You can definitely do that. you can introduce your categorical variable as a factorial one. If you have decided to use R programming this following code would be fine:
new_categ<-factor(categ,labels=c(0:2))
Then, you can interact the new categorical variable with other independent ones. You also could find examples centered around your problem in Modern Applied Statistics with S-PLUS by Venables and Ripley. However, if you are not willing to use R, you can still read its examples about regression which are beneficial for figuring out how to solve your problem.
If you use the proper multiplicative notation, the model coefficients need to account for the interpretation of the intercept term. Assume WLOG that only color and ph are in the model (this is a superfluous example you've provided). In this case, if "color==red" is the default group. There's technically only 1 dummy in the model, 1 if color is white, 0 otherwise.
Then, fitting the pH interaction, the "colorwhite" parameter is interpreted as the expected difference in the outcome comparing white to red having a pH of exactly 0. There is also a pH parameter interpreted as an expected difference in the outcome comparing groups differing by 1 unit in pH having color red. Lastly, the "colorwhite:pH" parameter is interpreted as a difference in differences for those groups, i.e. the incremental change in the pH slope comparing whites to reds.
I think you should rewrite your color formula to remove ":" and replace them with "*"
> set.seed(1)
> a <- sample(letters[1:3], 100, replace=TRUE)

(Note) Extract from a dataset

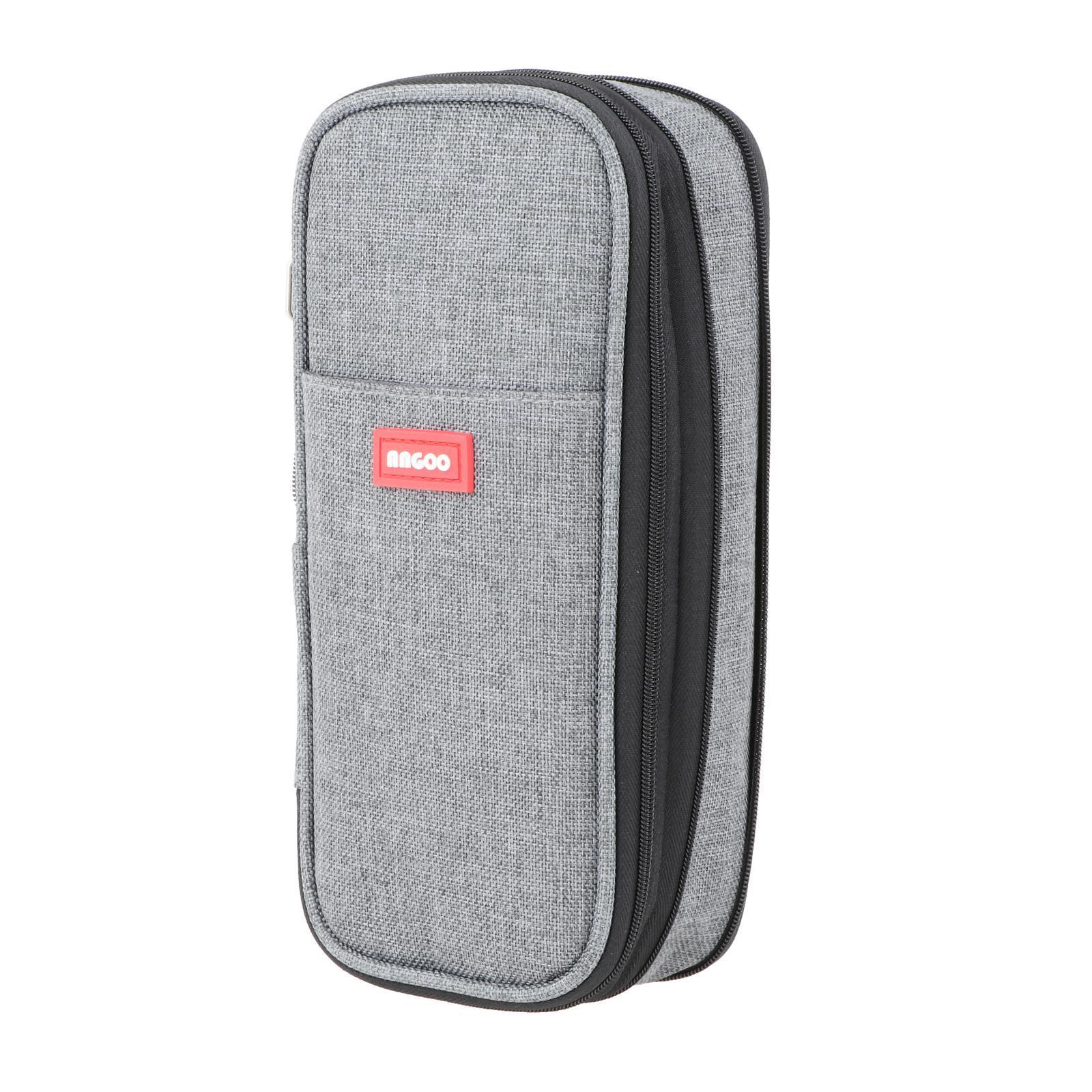 Large Capacity Pencil Case Canvas Holder Bag for Girl Boy Teen ,Grey Compact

> b <- sample(LETTERS[1:3], 100, replace=TRUE)
> y <- rnorm(100)
> lm(y ~ a * b)
Call:
lm(formula = y ~ a * b)
Coefficients:
(Intercept) ab ac bB bC ab:bB
0.1684 -0.3894 -0.2614 -0.2807 -0.3981 0.8720
ac:bB ab:bC ac:bC
0.2099 0.6215 0.4547
> lm(y ~ a : b) ## wrong
Call:
lm(formula = y ~ a:b)
Coefficients:
(Intercept) aa:bA ab:bA ac:bA aa:bB ab:bB
-0.03642 0.20484 -0.18456 -0.05654 -0.07587 0.40675
ac:bB aa:bC ab:bC ac:bC
-0.12738 -0.19331 0.03883 NA
> tapply(y, interaction(a, b), mean)
a.A b.A c.A a.B b.B c.B
0.168415779 -0.220978904 -0.092958625 -0.112286696 0.370329364 -0.163796519
a.C b.C c.C
-0.229732632 0.002406992 -0.036419652
Best Answer
If by dummy variables you're referring to multiple binary variables that make up one categorical predictor, each of them needs to be in the model for each other dummy to be meaningful. In stepwise regression either they are all in or all out, but not piecemeal. Are you doing this by hand or something? All stats packages I'm familiar with treat multilevel categoricals properly in this respect, and shouldn't consider dummy variables independently for model specification.
Again, you can't include interactions with some dummy variables of a single categorical predictor but not others. All in or all out. The test of whether the interaction needs to be included is a comparison between a model without interactions with all dummies and a model with interactions with all dummies. If the interaction is significant, you should keep it in any case. Just be aware that the interpretation of the "main effects" changes drastically when interactions are included in models.
If doing backwards stepwise regression, include the interaction terms.